Edit: Added another question
(This question may belong to chemistry SE. If so, please inform me, and I will remove it from here. I thought there is enough physics for it to belong here.)
 A: 
What is the reference?

The reference is the reference. Just like in any other physics problem, you choose it, usually for maximum convenience (ease of use). There is no 'absolute' reference point. For the calculation of the orbitals of the hydrogen atom a spherical coordinate system is used.

But why can't those approach between the axes?

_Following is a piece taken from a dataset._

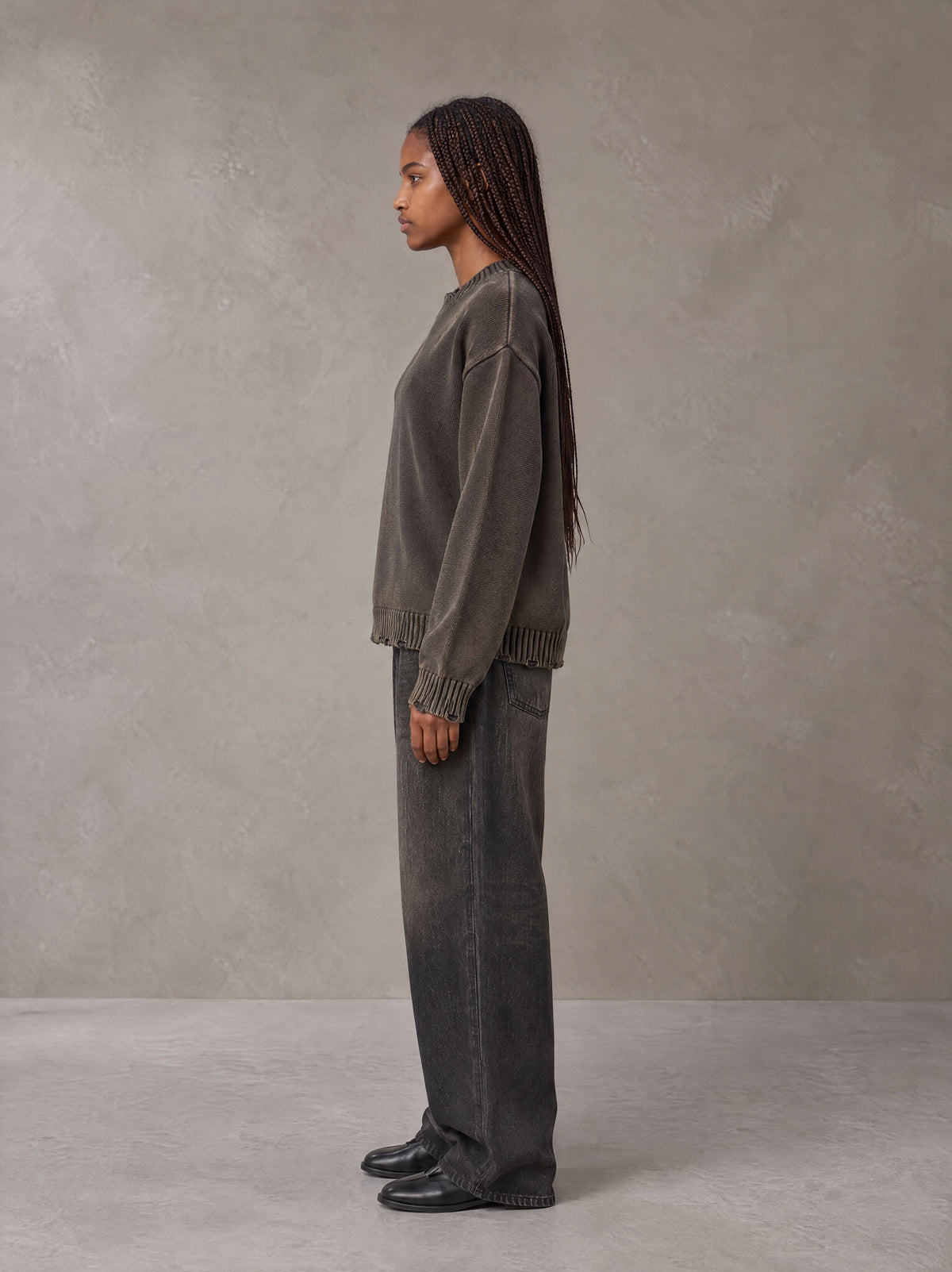 Model wearing the SM Sig. Washed Distress Knit Sweater in Kabul Brown with SM Archive Fade Denim Jeans in black, side profile.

They do sometimes and the phenomenon is the cause of many coloured transition metal (d-block) complexes. For an introduction, see my post here (scroll down to A partial explanation of the colours of transition cation complexes) on the colour of $\text{Ti }+3$ complexes.
I hope this helps.
A: Here is a semi-handwaving explanation.
Whenever we attempt to confine an electron in a small volume of space, we discover that the chances of finding it at any particular location within that space become nonuniform: there are some places where we are more likely to observe it than in other locations, and also some energy levels of the electron will become more likely than others. Furthermore, the smaller the space in which we try to confine it, the stronger these effects become. When we reach the size scale of an atom, the positional probability of the electron is highly nonuniform, and its energy levels have become discrete- which is to say that the electron can only hang out in certain regions, and we call those regions orbitals, and that hanging out somewhere inbetween two allowed orbitals is forbidden.
The electron itself resists being stacked into an orbital that already is occupied by another electron- unless we invert the spin of one of the electrons, in which case we can fit more than one of them into one orbital.
The lowest-energy orbitals look like spherical clouds, but as we try to put more and more electrons into position around a larger and larger nucleus, we discover that the electron's angular momentum is also quantized, and there are certain angular positions in space around the nucleus where those additional electrons are more likely to be observed than in others. These orbitals are not spherically symmetric- they stick out along certain preferred directions, and all higher-energy orbitals have to accommodate by avoidance all of those other orbitals.
So the facts that any given electron wants to occupy a state of minimum energy in the vicinity of a nucleus, that energy states or levels for electrons being confined by electrostatic attraction to the nucleus of an atom are discrete, that electrons cannot be stacked on top of each other unless their spins are opposite, and that their angular momentum is quantized, all give rise to the orbital structure as described in your course materials.
The positions of all those orbitals are relative to all the other orbitals- that is, there isn't anything in the nucleus itself that preferentially steers a given electron pair into two lobe-shaped volumes that stick out in opposite directions from one another; the nucleus appears to the electrons around it to be electrostatically spherical even though the locations of the allowed orbitals in space around the nucleus are not.
A: The shape of the orbitals are an artifact of the way Schrodinger's equation is solved. The first part of the standard solution is to pick a direction for the x,y,z axis and convert to polar coordinates.
The solutions we get reflect the chosen coordinate system. The distribution is actually isotropic if there is no preferred direction in space (no electric or magnetic field). The electrons are indistinguishable and in states that are "spherical" mixtures of orbitals (until a measurement is made/interaction happens). The picture is complicated by Pauli exclusion principle which constrains which mixtures are allowed at the same time. Statements such as "one electron is in the px orbital" are somewhat misleading and simplified, but much easier on high school Chemistry students.